POULTRY growers in Co Monaghan lost their High Court claim yesterday that a processing company had abused its dominant position in the market.
Mr Justice Shanley in his judgment yesterday said he had to decide whether any of Monaghan Poultry Products Ltd's (MPP) practices complained of by the growers amounted to an abuse of a dominant position by it.
The growers alleged that the flesh price offered by MPP was unfair. The judge said there was no evidence which as a matter of probability established that MPP had offered unfair prices. No genuinely comparable flesh prices were adduced in evidence to allow the court to make an assessment of the fairness of MPP's prices.
He said the growers also claimed that MPP was guilty of abuse of dominance in obliging them to purchase their meal from it. The evidence before the court established that the practice of requiring growers to purchase their feed through their processor began in the 1960s.
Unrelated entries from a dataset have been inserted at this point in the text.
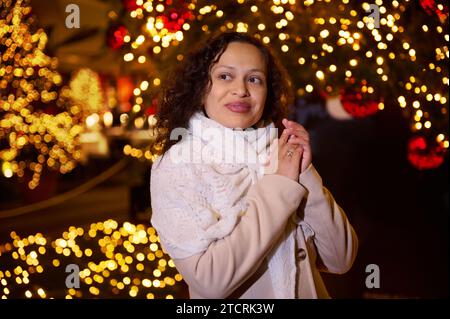 Smiling happy woman walking in Christmas market decorated with holiday lights in the evening. Feeling happy in big city. December. Christmas fairgroun Stock Photo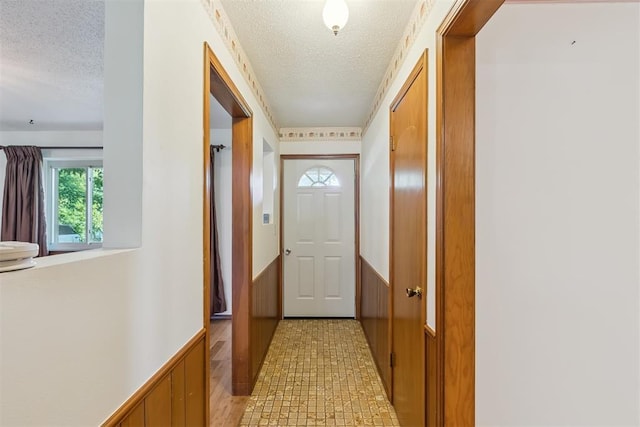 13722 NE 9th St, Choctaw, OK 73020 - entryway with a textured ceiling and a wainscoted wall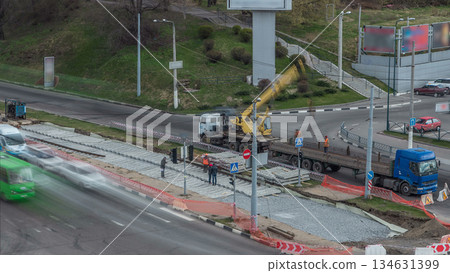 Loader crane for loading and unloading tram rails from truck which stands on a road construction site aerial timelapse 134631399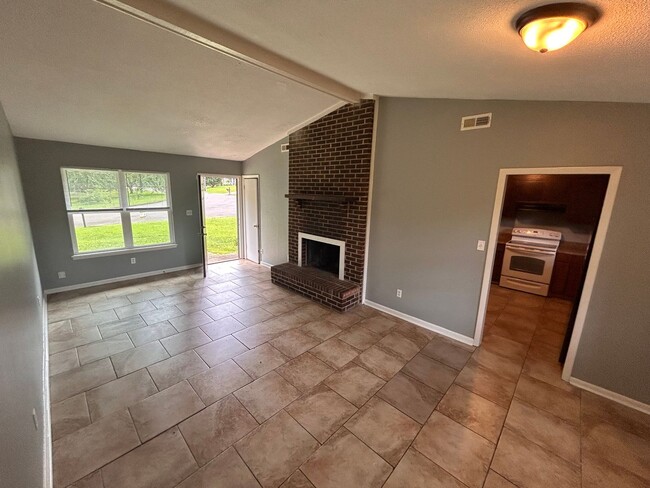 Photo - 3br 1BA house with decorative mantle and garage with move in special for July!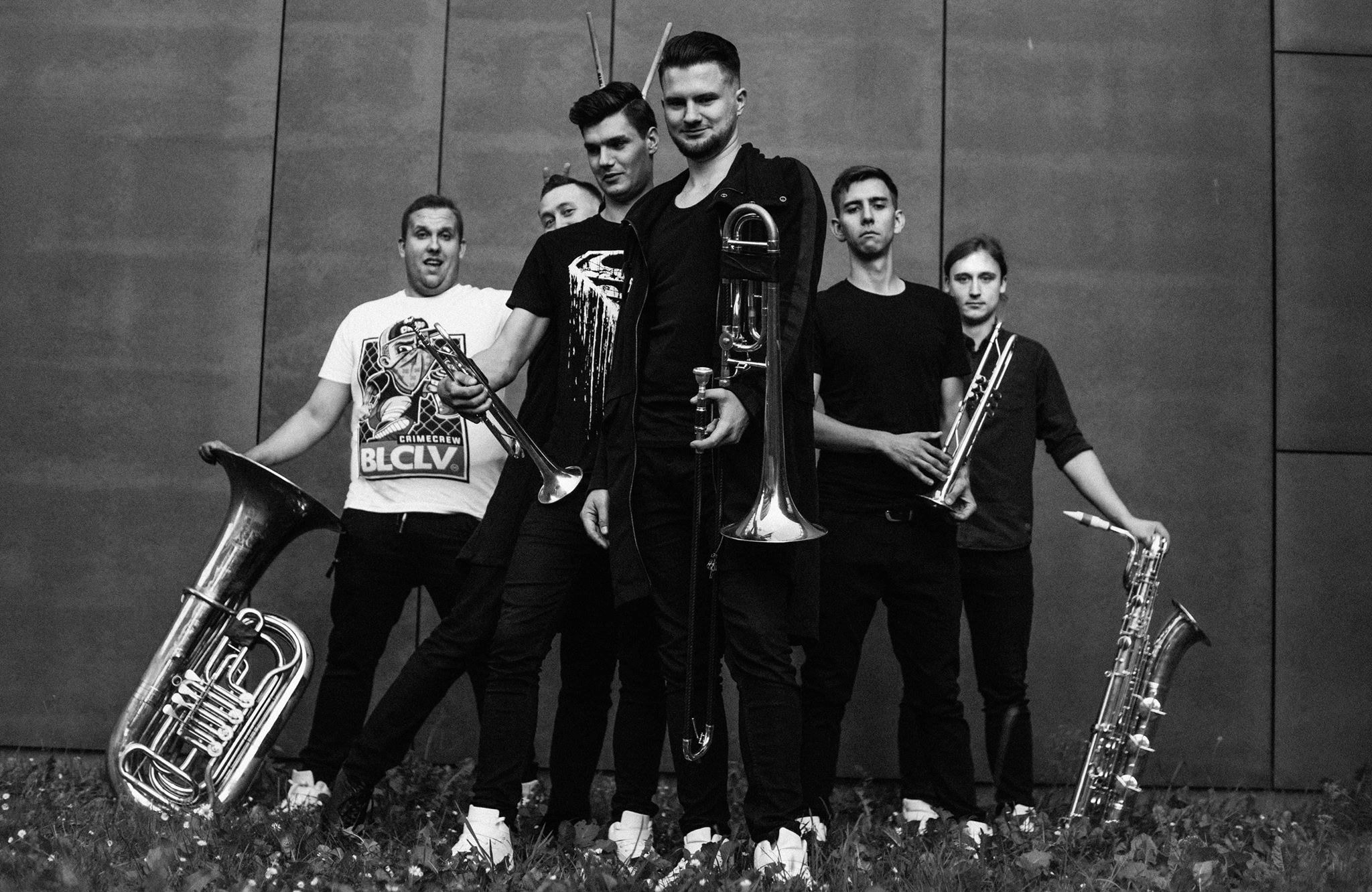 Czarno-białe zdjęcie zespołu muzycznego z Krakowa, prezentującego instrumenty dęte: tubę, trąbki i saksofon, na tle nowoczesnej ściany i trawy.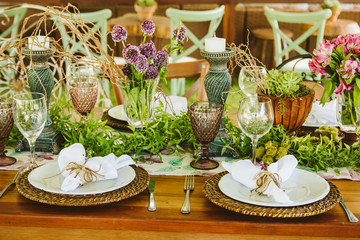 Wedding Setup. Banquet with table and chairs. Decoration, flowers, ware, glass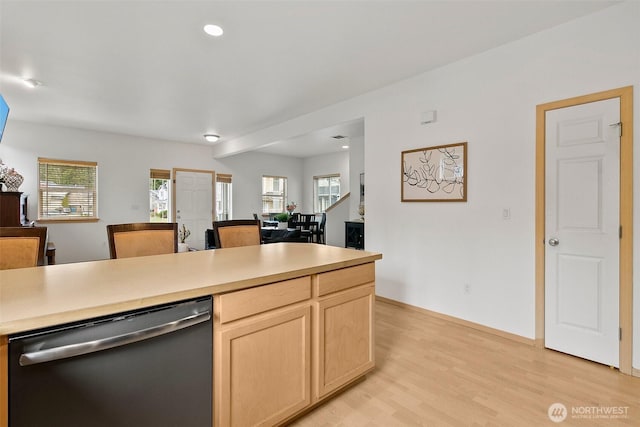 kitchen with light wood-style flooring, open floor plan, stainless steel dishwasher, and light brown cabinetry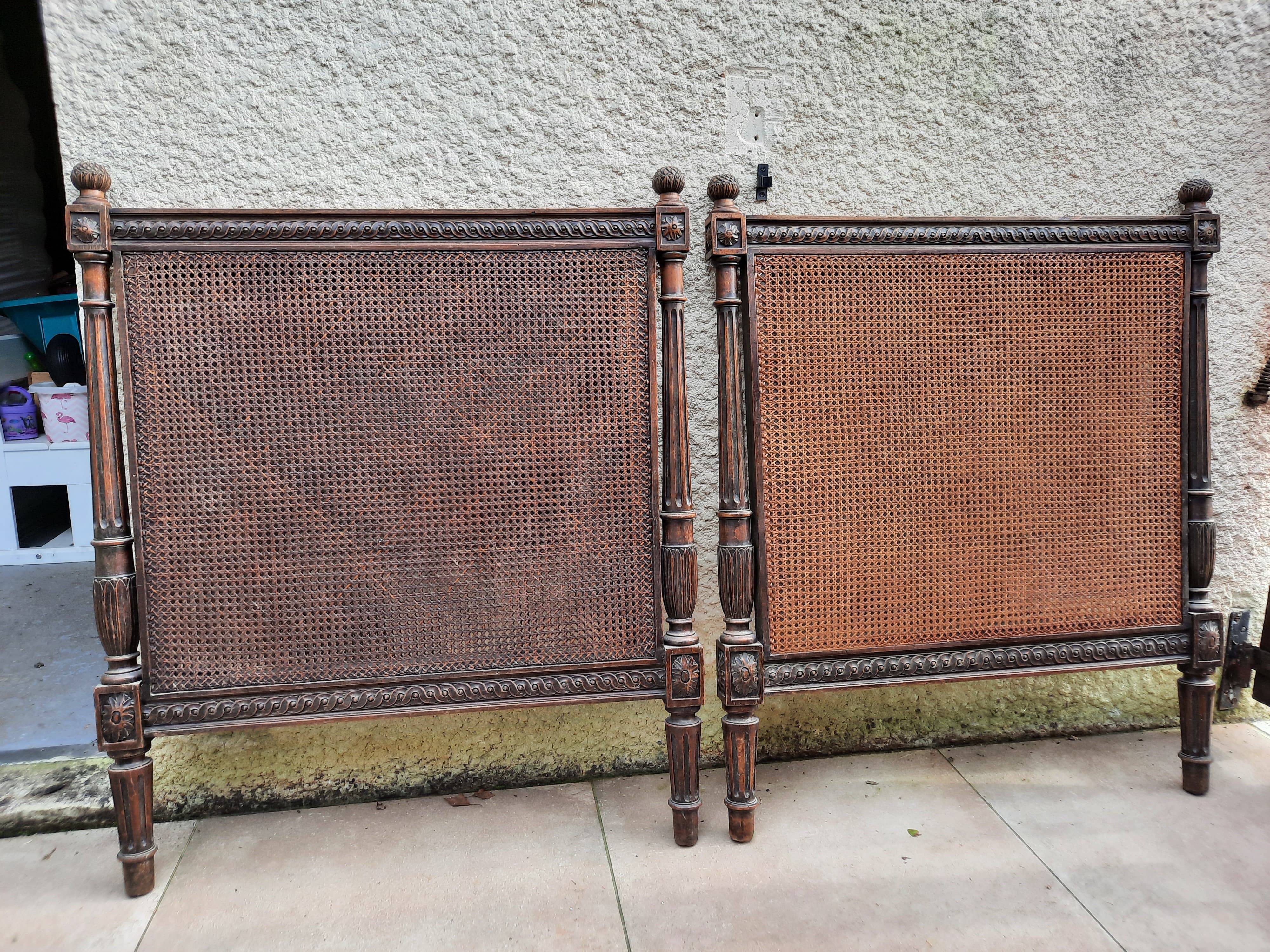 Hand-carved Louis XVI style headboards with chic vintage caning (1800s)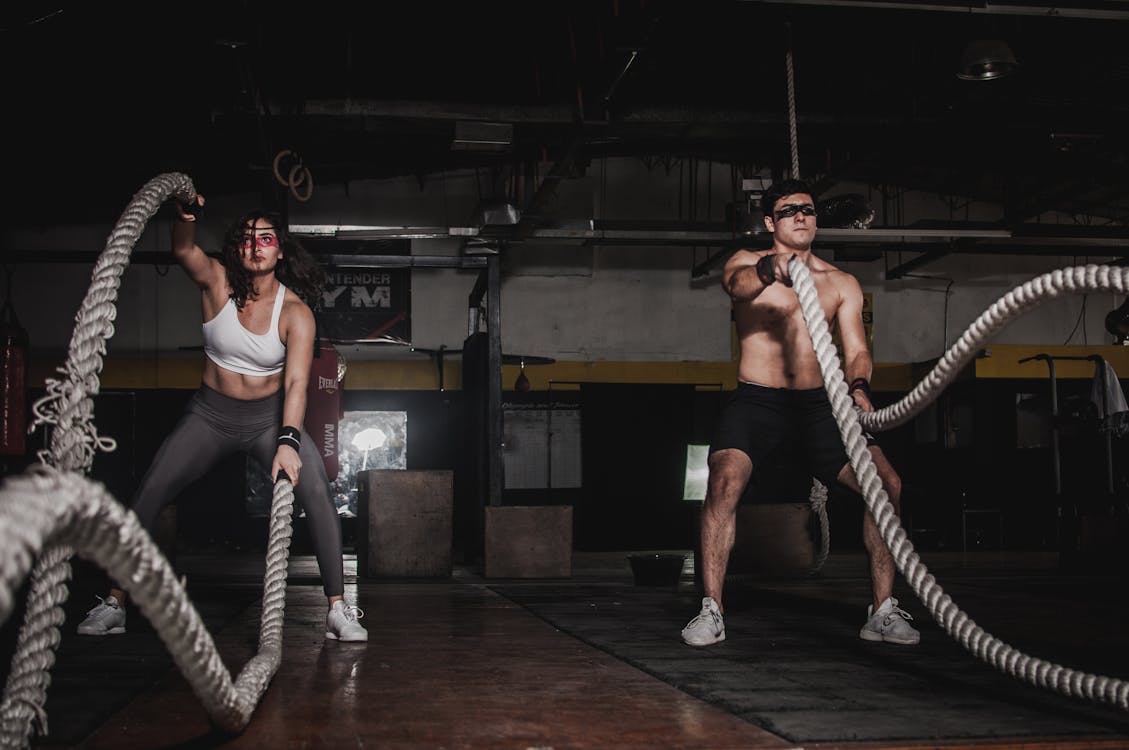 Free Man And Woman Holding Battle Ropes Stock Photo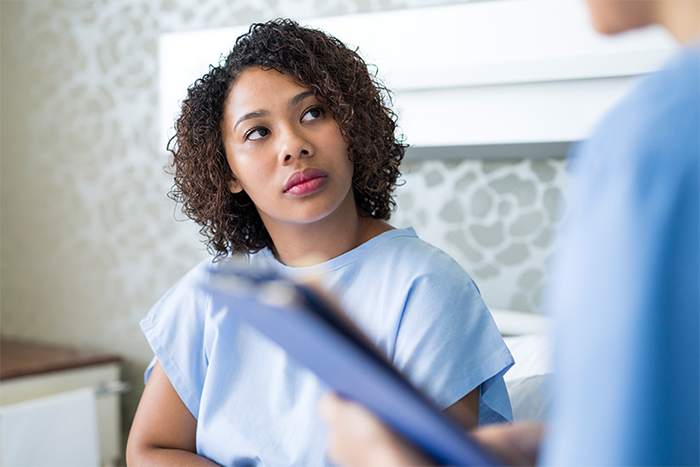A woman dressed in hospital gown listens to a health care professional.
In 1976, MPP required its growers to purchase their meal through it and currently all processors, save Cootehill Co operative Society, required their growers to purchase meal through them. The prevalence of the practice over a prolonged period led him to the conclusion that the obligation to purchase meal through the processor had been connected with the contract for the provision of a broiler growing service.
The grower agreed to provide a broiler growing service for a processor who agreed to pay a price for the grown chicken. The processor was perfectly entitled to specify how and with what particular feed the chicks should be reared.
While there was evidence that MPP offered different terms to different growers, there was no evidence to suggest that such conduct had the result of placing the affected growers at any competitive disadvantage.
Accordingly, he was satisfied that MPP had not abused its position of dominance.
The growers alleged that their agreement with MPP had as their object or effect the restriction of competition by the impositition of unfair purchase prices and by requiring growers to purchase their meal through MPP. He was satisfied that the evidence did not sustain these allegations.
Mr Justice Shanley ruled in favour of the growers on one point. They claimed MPP was in breach of its contract in failing to properly account in respect of dead and useless birds. MPP was not able to explain the basic inconsistency between the Department of Agriculture records of condemnations and MPP's records of dead and useless birds.
The judge said the growers were entitled to recover damages for breach of contract due to inaccurate assessment of "useless" birds.